Budget-friendly animation helped ST:TAS, allowing the series to bring back most of the cast to reprise their roles for the cartoon. With the reuse of animation, artists could ensure that the characters looked like their actors. Also because of animation, aliens were no longer limited to looking like humans in rubber masks. Two new crewmembers were introduced, Lieutenant M’ress, a cat-like communications officer, and Lieutenant Arex, a tripedal navigation officer. Both additions allowed Star Fleet and the Federation to feel larger and inclusive. Thanks to being animated, alien worlds could look alien with no more effort it took to paint a corridor of the Enterprise.
ST:TAS brought in science-fiction writers as much as the original series did. Larry Niven wrote “The Slaver Weapon”, bringing in his Kzinti from his short story, “The Soft Weapon”. David Gerrold, who wrote the original series episode, “The Trouble With Tribbles”, revisited the furry ecological menaces with “More Troubles, More Tribbles”. DC Fontana, who both wrote and was a story editor for the original series, contributed “Yesteryear”, a look at Spock as a young boy. The limitations of the format, a 22-minute long cartoon, was worked around and, in many cases, used to great effect.
For a while, the animated series was considered non-canonical, except for the cases where it was. Kirk’s middle name, Tiberius, was given to him by Gerrold in “More Trouble, More Tribbles”, and stuck. Fontana’s “Yesteryear” provided such a rich look at both Spock’s early life and Vulcan culture that it was more-or-less accepted as is. “Yesteryear” is part of Spock’s story arc, as he evolves from having his Human and Vulcan sides at odds to him accepting that he is part of both worlds, as seen in Star Trek: The Motion Picture and Star Trek IV: The Voyager Home. Canonicity has returned in bits and pieces, with ST:TAS being mined for background for different characters.

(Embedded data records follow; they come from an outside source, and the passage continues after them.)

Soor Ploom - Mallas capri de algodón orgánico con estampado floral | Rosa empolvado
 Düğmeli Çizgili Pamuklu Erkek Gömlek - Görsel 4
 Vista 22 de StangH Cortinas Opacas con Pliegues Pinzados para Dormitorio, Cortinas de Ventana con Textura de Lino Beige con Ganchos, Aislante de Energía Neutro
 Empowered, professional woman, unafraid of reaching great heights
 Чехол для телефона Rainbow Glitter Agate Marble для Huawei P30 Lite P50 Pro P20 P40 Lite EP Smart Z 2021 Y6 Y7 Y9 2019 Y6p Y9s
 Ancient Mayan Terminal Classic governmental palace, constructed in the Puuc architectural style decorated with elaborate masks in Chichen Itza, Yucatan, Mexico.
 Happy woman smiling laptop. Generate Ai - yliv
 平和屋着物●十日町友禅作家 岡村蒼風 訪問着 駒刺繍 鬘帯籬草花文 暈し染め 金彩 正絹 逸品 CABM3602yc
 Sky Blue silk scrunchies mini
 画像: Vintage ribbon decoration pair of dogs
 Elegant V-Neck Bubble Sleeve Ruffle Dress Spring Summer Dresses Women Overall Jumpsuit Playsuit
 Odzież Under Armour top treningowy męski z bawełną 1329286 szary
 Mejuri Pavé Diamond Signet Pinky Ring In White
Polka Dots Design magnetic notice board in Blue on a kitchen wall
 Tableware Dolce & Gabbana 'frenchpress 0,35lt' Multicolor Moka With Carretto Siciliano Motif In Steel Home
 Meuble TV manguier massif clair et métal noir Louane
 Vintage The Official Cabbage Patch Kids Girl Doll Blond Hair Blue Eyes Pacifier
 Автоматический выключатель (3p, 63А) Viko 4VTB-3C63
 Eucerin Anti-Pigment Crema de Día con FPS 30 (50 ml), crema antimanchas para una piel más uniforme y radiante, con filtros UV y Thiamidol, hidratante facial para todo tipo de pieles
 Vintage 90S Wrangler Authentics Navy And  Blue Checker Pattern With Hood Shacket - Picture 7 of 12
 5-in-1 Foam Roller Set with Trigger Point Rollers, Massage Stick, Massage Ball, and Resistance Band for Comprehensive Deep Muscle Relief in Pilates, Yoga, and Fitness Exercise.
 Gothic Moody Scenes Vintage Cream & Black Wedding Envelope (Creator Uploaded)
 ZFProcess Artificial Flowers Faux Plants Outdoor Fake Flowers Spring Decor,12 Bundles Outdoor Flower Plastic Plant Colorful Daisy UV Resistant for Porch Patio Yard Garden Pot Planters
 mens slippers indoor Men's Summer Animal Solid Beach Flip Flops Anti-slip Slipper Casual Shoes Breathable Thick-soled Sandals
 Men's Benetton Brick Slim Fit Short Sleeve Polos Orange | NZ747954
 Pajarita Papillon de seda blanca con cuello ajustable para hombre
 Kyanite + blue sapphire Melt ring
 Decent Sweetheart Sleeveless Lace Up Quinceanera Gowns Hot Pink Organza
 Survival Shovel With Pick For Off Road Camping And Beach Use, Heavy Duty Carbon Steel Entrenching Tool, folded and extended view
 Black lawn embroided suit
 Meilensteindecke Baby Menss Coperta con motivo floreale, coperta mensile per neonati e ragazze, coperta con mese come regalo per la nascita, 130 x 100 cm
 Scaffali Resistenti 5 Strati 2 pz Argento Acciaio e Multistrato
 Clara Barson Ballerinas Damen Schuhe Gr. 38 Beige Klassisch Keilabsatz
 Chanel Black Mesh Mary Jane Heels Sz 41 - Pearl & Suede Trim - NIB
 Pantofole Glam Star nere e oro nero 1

The series continued to delve into social issues and showcased characters that didn’t get spotlight time in the original series. Of note, “The Lorelei Signal”, by Margaret Armen, placed Uhura in command of the Enterprise after the male crewmembers fell under the effect of space sirens. Beings that appeared to be dangerous turned out to be misunderstood. The dangers of introducing an invasive species were explored. The show worked to keep to the spirit of the original series. While there were episodes that fell flat, the same happened with the original series. However, the animated series took what it had and expanded the Trek universe, entertaining fans who were starved for new episodes without disappointing them.
Star Trek: The Animated Series transcended the Saturday morning cartoon format, bringing back the crew of the Enterprise to boldly go, once again, where no man has gone before.
* Not to be confused with The Real Ghostbusters, the animated adaptation of the Ghostbusters movie.